Tuesday, 23 April 2013

Epic Similes in 'Paradise Lost'


SHUAIB ASGHAR
DEPARTMENT OF ENGLISH
GOVT. RAZVIA ISLAMIA COLLEGE
HAROONABAD, PAKISTAN


Epic simile is an extended simile, in some cases running to fifteen or twenty lines, in which the comparisons made, are elaborated in considerable detail. It is a common feature of epic poetry, but is found in other kinds as well.

In an epic poem similes are used for the purpose of illustration, but they serve also to decorate the epic theme or character.

Epic similes are also given the name of Homeric similes because Homer elaborated his similes in such a way that a particular kind of dignity and beauty was created in his poetry and since then it became the tradition of epic poetry.

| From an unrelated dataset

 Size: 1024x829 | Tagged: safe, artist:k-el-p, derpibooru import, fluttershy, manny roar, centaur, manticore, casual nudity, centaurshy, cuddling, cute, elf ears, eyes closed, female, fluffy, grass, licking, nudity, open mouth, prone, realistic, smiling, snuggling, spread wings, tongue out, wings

Milton has brought in a number of such similes in the Book I of ‘Paradise Lost’.

In the first simile he compares the huge form of Satan sprawling on the lake of fire to the fabled sea-beast called Leviathan. It was a kind of big whale of such great size that when it came to the surface, it occupied many miles and gave the impression of an island in mid-ocean. In this simile though the dominant impression is size but the other impressions are also produced. The Leviathan is dangerous and tricky so is Satan.

The second epic simile is where he compares the shield of Satan to the appearance of the moon as it was observed by Galileo through his newly invented telescope. Although this is an anachronism in one sense, it helps us to form some idea of the magnificence of Satan’s shield.

With a view to give us an idea of the countless hosts of fallen angels, Milton compares their dense masses to the autumnal leaves in Vallambrosa in Italy.  In autumn all deciduous trees shed their leaves and the forest would be thickly carpeted with them. This is not so much an epic simile as a complete parallelism.

Joseph Addison is of the view that

‘The resemblance does not, perhaps, last above a line or two, but the poet runs on with the hint until he has raised out of it some glorious image or sentiment, proper to inflame the mind of the reader, and to give it that sublime kind of entertainment which is suitable to the nature of a heroic poem.’